色絵幾何学文台鉢(古九谷様式)

 出土遺跡:山辺田遺跡A地点
 調査主体:有田町教育委員会



 今回ご紹介するのは、新たに山辺田遺跡で出土した古九谷様式の色絵陶片である。
 古九谷様式といえば、これまで数十年間に渡って、九谷(石川県)か肥前(有田)かで華々しく生産地論争が繰り広げられてきたが、近年では調査・研究の進展により、肥前で生産されたことが確実になってきた。最近、その根拠となる資料がまた新たに出土したため、ここでその一つをご紹介する。




                  
(内面)


 山辺田遺跡は、陶磁器工房跡と推定される遺跡で、昨年10月から今年の1月に掛けて、その一部の調査を実施した。
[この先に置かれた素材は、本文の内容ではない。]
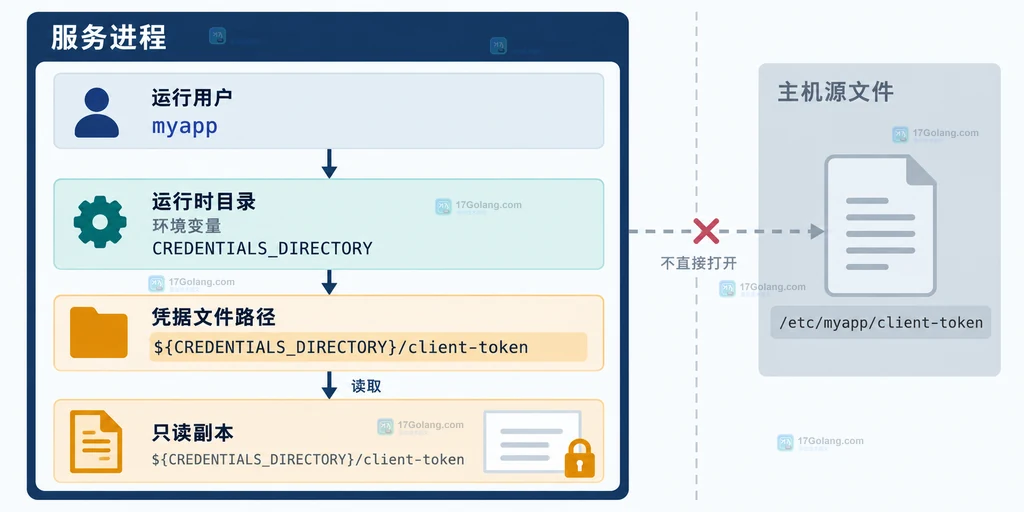 服务通过 CREDENTIALS_DIRECTORY 读取 LoadCredential 凭据的路径说明图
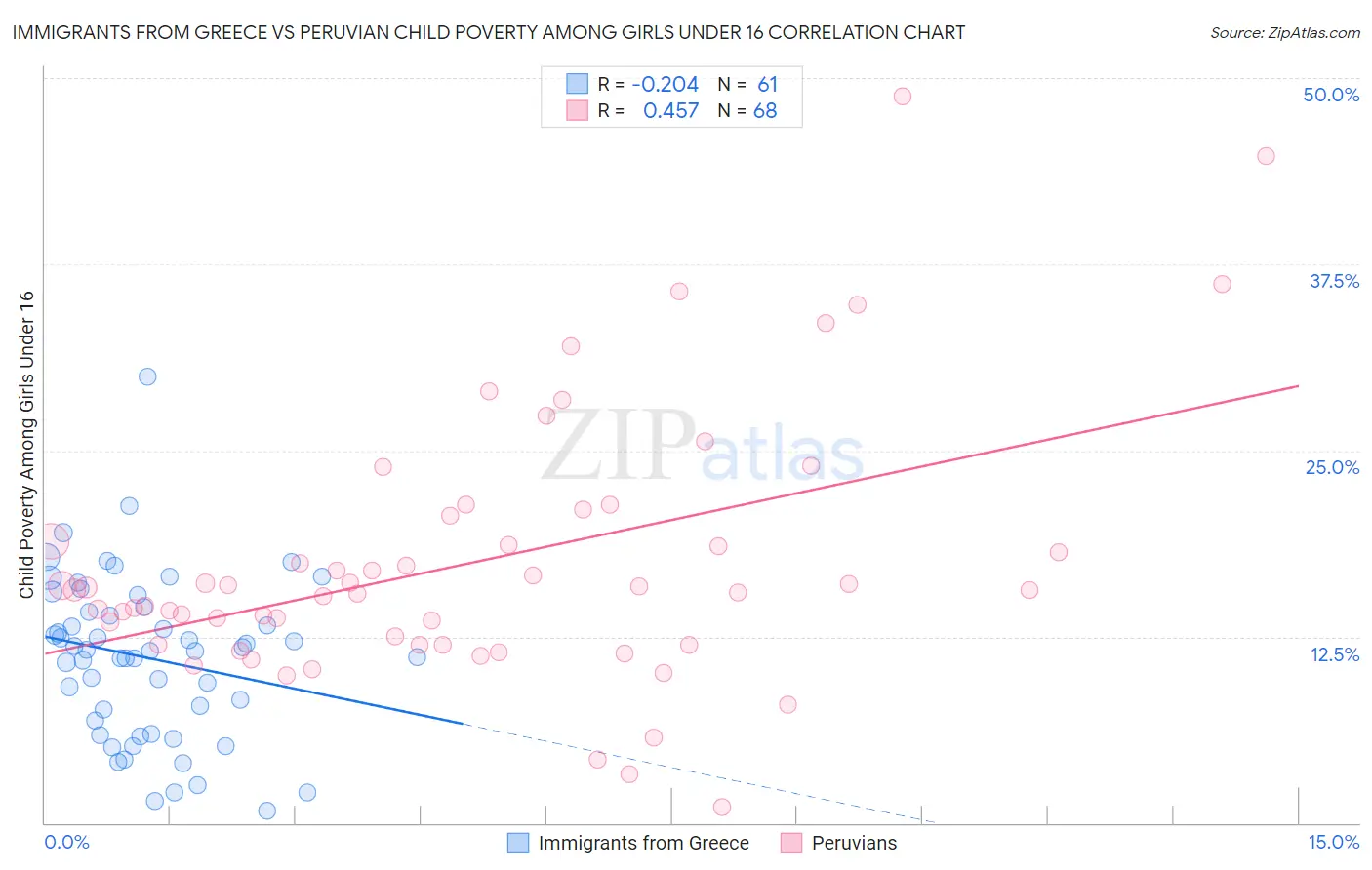 Immigrants from Greece vs Peruvian Child Poverty Among Girls Under 16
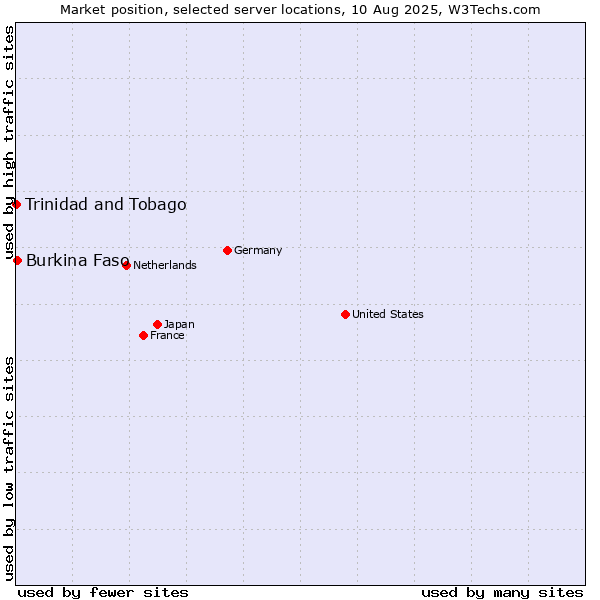 Market position of Burkina Faso vs. Trinidad and Tobago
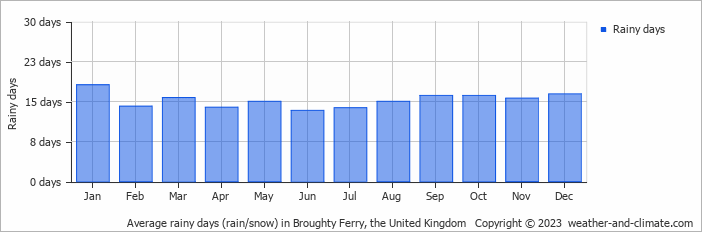 Average monthly rainy days in Broughty Ferry, the United Kingdom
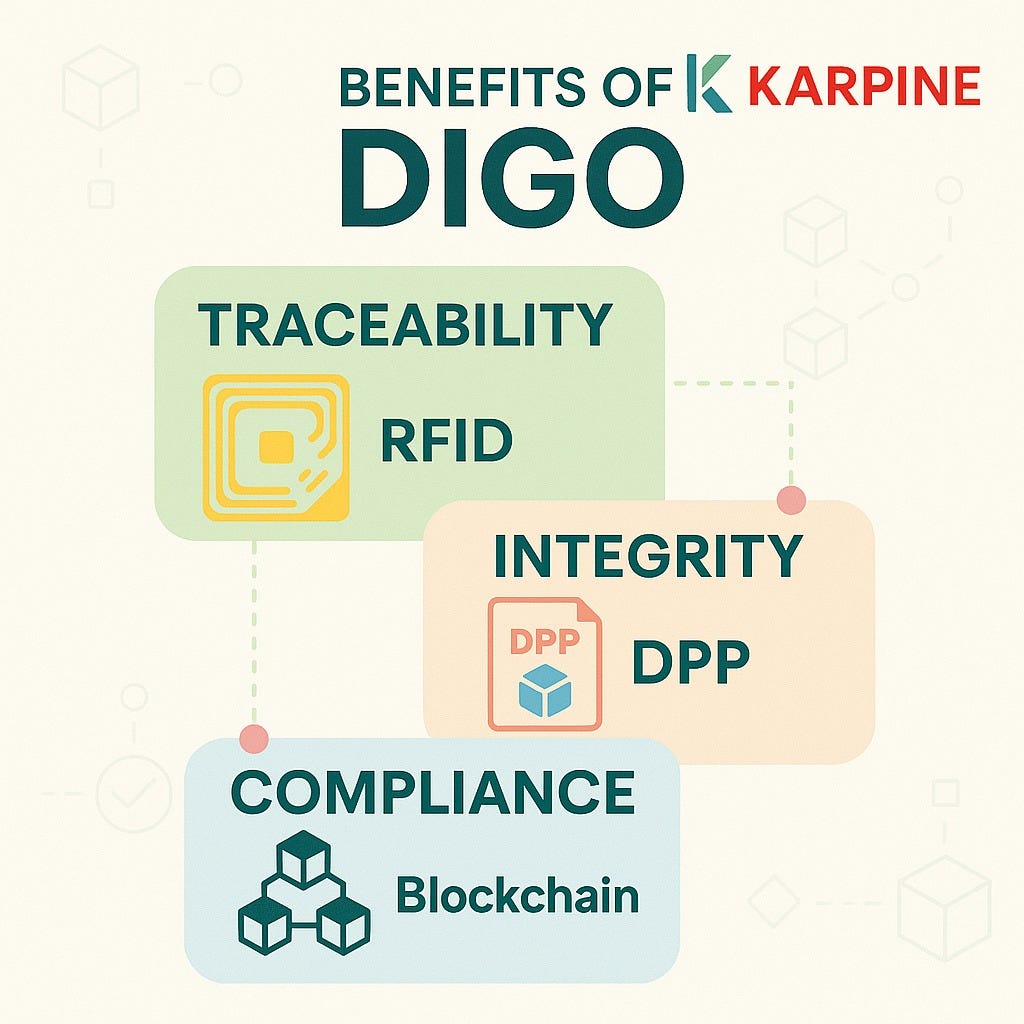 Unleashing Business Potential with Digital Identity of Goods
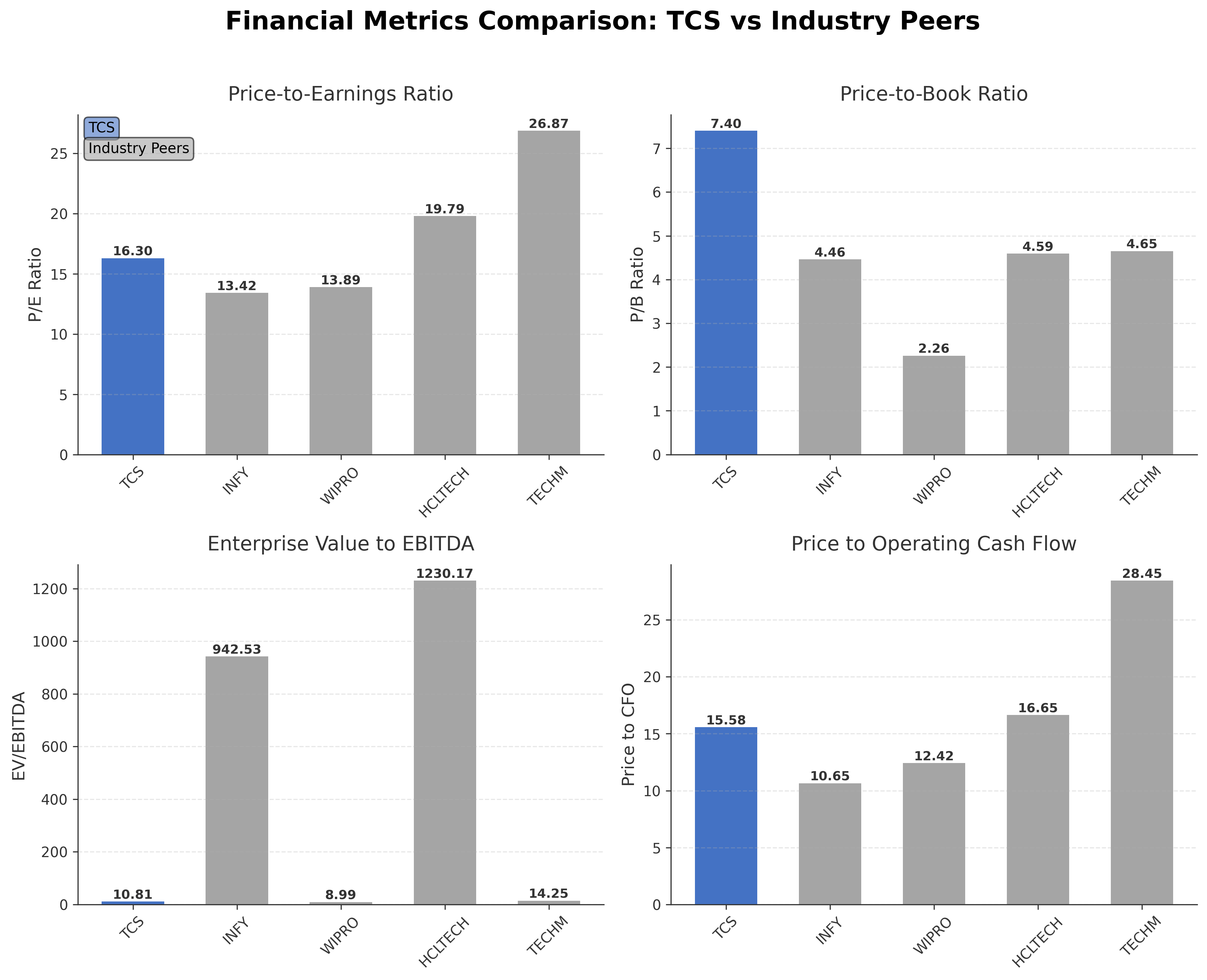Financial Metrics Comparison with Peer
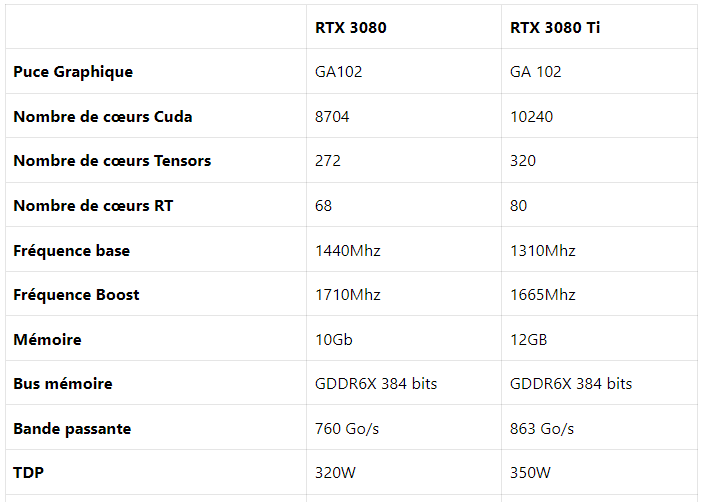 RTX 3080 vs RTX 3080 Ti : Laquelle Choisir en 2022? RTX 3080 vs RTX 3080 Ti : Laquelle Choisir en 2022?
遺跡は、山辺田(やんべた)という名前からも分かるとおり、古九谷様式の色絵素地を多量に生産したことで知られる、国指定史跡山辺田窯跡に近接した場所にある。出土した色絵陶片は全部で20数点あり、以前工事の際にも30点以上出土しているため、すでに60点ほど出土・採集されていることになる。また、山辺田窯跡でも10点ほど出土しており、山辺田窯跡関連としては合計70点ほどになる。
 この色絵陶片はそのうちの1点で、色絵古九谷に分類される大形の台鉢高台周辺部片である。破片の大きさは11cm×4cm程度で、元は口径30cm前後の製品と推定される。


                 
(外面)

 




◆ 素地の特徴


               (断面)


 素地は表面・胎土ともにやや灰色を帯び、外面胴部の高台脇に指跡が一ヶ所残っている。また、厚さ約1cmほどある底部には、高台内に窯割れが認められ、深い部分では内面から2mmほどのところにまで達している。
 高台の成形方法は、おそらく通常の皿と同様にまず高さ1cmほど削り出し、その上(下?つまり畳付に近い方)にさらに高い高台を貼り付けたものと推定される。よって、高台内面の1cmほどのところには、円圏段ができており、断面にも接合面かと思われる亀裂が見られる。

 



◆ 文様の特徴


              (内面拡大)

              (外面拡大)

 内面には、見込みに緑絵具で家屋状の文様が描かれるが、剥落しているため明確ではない。見込みの周囲には、八角形の色絵線一本とその外側に帯を巡らし、四方襷文で埋めている。この帯に塗られた色は黒っぽく変色しているが、よく観察すると元は青絵具であったことが分かる。また、口縁部は窓絵状に区画し、中を地文で埋め、その上を上絵具で塗りつぶしている。区画内の文様としては、青海波と四方襷文らしいものが確認でき、塗りつぶしている絵具は、緑と青が確認できる。

 外面は胴部と底部の境に二重の染付圏線を巡らしており、胴部には上絵で唐草文が描かれている。この唐草文も一見黒色に見えるが、よく観察すると青色である。また、すでに上絵具が剥落しているが、左側の唐草の先端部には、花らしい文様も描かれている。高台は基部しか残っていないが、外面は黒絵具を用いた七宝繋ぎ文で埋められており、その上を黄色で塗りつぶしている。

 



  ま と め


 この陶片は素地などの特徴から見て、山辺田窯の製品と考えてまちがいない。製品の分類としては、色絵古九谷様式の中でも一般的に「幾何文手」と称されているものであり、主として内面に亀甲状の幾何学文様を描くこと、外面に青上絵具を用いた唐草文を巡らすことなどが特徴である。こうした幾何文手の台鉢は伝世品もいくつか知られているが、内外面の文様パターンや素地などはすべて今回の出土資料と類似している。よって、山辺田窯の中でも、おそらく同じ窯で生産された製品である可能性も高く、これまでの出土資料の中では、7号窯製品として紹介されているものと最も共通性が高い。生産年代としては、これまでの研究成果から1650年前後と推定される。